Cell & Stem Cell Research

Biography

Biography: Mei Wan

Abstract

Multipotent mesenchymal stem cells (MSCs) can mobilize into the circulating blood under many circumstances, such as serious disease, injury, or stress. MSCs then migrate to the remodeling sites and differentiate toward distinct lineages of cells. However, the primary factors and signaling pathways that control MSCs recruitment to the injured sites and their commitment/differentiation into lineage-specific local cells are largely unknown. Here we show that active TGFβ controls the mobilization of MSCs to circulating blood in response to arterial injury and their recruitment to the target sites, where the cells give rise to either endothelial cells to repair the damaged endothelium or smooth muscle cells (SMCs)/myofibroblasts contributing to intimal hyperplasia. In our animal models of arterial injury, about 50% of the neointimal cells were derived from MSC lineages.
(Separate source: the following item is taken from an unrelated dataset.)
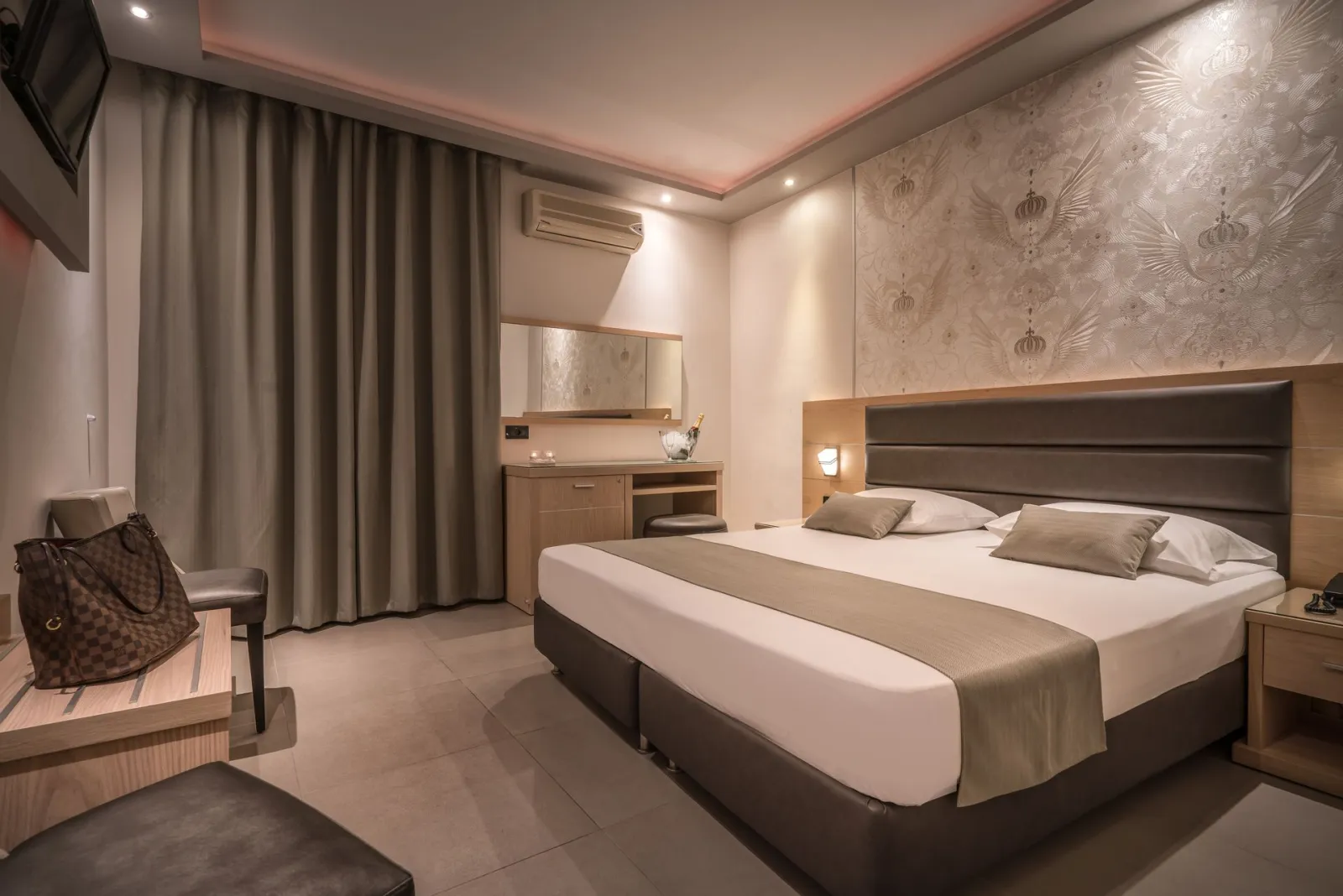Superior Double or Twin Room with balcony - 20m²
Using an ex vivo cell migration assay established in our laboratory, we found that TGFβ activated from the injured vessels induces MSC migration, and this effect is mediated by Smad-MCP1 signaling cascade. Moreover, active TGFβ produced from the injured vessels also activated RhoA-ROCK signaling in MSCs and induced their differentiation to SMC/myofibroblastic neointimal cells. Inactivation of ROCK maintains the stemness of MSCs and their differentiation capacity to endothelial cells. Importantly, treatment of the arterial injured mice with ROCK inhibitor promoted re-endothelialization and inhibited neointima formation of the vessels. Thus, pharmacotherapies that inhibit RhoA-ROCK signaling offer a new therapeutic target for treating cardiovascular disease by promoting endothelium repair and inhibiting pathological intimal hyperplasia.